A jovem caiu de joelhos e sua mente clareou, Luca estava imóvel com os braços ainda levantados à sua frente. Os olhos que estavam iluminados rapidamente voltaram ao normal. Quando voltou a ter consciência, Luca não lembrava o que tinha acontecido, apenas a jovem elfa estava ajoelhada à sua frente sem emanar a mesma aura maligna de antes.

— O que você fez? O que fez a mim!? Não sinto mais a presença do guia! Para onde o mandou? — gritou a elfa olhando furiosa para Luca.

Ela se levantou e tentou atacá-lo de qualquer forma, mas, sem energia, foi facilmente imobilizada pelo paladino.

— O que você fez comigo? Minha conexão acabou, o guia me abandonou! — gritava a moça agora com os punhos amarrados e outro laço envolvendo os braços junto ao tórax.

— Não fui eu, mas você está livre da influência, acho. Venha comigo, vamos sair daqui — explicou guiando a jovem para fora daquele local.

Durante todo o caminho até a saída, a elfa resmungou e praguejou, mas continuou caminhando para a saída. Do lado de fora, Louis e George estavam rodeados por ossos em todo o lugar, bebiam algo e pareciam aguardar a volta do jovem.
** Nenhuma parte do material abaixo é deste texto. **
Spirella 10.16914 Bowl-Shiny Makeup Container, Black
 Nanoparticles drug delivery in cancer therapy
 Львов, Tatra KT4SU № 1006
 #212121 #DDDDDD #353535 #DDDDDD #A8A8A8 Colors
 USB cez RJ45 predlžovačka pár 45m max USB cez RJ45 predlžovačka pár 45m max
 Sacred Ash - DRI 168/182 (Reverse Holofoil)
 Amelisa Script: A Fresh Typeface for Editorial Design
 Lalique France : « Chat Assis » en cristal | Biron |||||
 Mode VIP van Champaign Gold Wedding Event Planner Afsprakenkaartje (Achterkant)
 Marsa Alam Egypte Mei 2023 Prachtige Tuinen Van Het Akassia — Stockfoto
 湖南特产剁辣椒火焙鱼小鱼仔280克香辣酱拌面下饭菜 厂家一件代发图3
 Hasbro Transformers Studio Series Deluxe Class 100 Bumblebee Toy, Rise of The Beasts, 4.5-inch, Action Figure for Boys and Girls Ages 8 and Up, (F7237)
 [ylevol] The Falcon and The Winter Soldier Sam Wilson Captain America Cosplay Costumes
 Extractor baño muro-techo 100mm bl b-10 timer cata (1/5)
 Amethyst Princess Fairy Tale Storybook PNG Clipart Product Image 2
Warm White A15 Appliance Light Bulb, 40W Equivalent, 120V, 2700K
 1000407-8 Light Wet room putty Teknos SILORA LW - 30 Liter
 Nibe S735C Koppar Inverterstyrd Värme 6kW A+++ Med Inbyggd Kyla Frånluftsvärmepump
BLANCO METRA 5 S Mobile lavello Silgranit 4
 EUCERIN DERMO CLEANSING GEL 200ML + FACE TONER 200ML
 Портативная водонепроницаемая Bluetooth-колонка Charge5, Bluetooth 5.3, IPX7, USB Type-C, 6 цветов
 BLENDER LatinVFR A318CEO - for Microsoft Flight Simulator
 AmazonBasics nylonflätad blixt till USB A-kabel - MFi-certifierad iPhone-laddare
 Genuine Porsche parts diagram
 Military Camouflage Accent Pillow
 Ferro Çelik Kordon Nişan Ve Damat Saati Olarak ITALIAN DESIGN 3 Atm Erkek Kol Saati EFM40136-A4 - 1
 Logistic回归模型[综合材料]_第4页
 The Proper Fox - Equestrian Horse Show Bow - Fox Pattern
— Saudações, meu jovem! Quando os esqueletos se desmontaram, imaginamos que você tinha anulado o mal que existe ali — gritou Louis bem contente.

— Quem é essa aí? Não pode ser a responsável por tudo isso — indagou George observando de forma desconfiada aquela elfa.

— Ela é a responsável por isso junto com um tal guia sombrio — respondeu Luca.

— Mais respeito com o lorde, seu pirralho da Ordem! — gritou a elfa.

— Bem, nós não deixamos seguidores do mal vivos — disse o aprendiz sacando sua arma.

— Calma, garoto! Ela deve ser interrogada e julgada pela Ordem, precisamos saber sobre esse tal guia sombrio, vou levá-la para os filhos do meu mentor — discordou Luca colocando a mão sobre a empunhadura da espada.

— Hum… Certo, eu concordo.

— Mas… — protestou o aprendiz..

— Eu disse que concordo, ou você está disposto a enfrentar o andarilho, garoto?

— Não, senhor! — respondeu o discípulo.

— Boa viagem, jovem Luca, desejo sorte. Não vai ter boa companhia — disse isso encarando a elfa, que retribuiu com um olhar ameaçador.

— Obrigado aos dois, serão dias longos pelo que vejo — disse Luca olhando para ela.

Assim, saiu do cemitério voltando para a sede da Ordem, desviando da cidade para não chamar a atenção e evitar que a prisioneira fosse apedrejada pelos cidadãos de lá.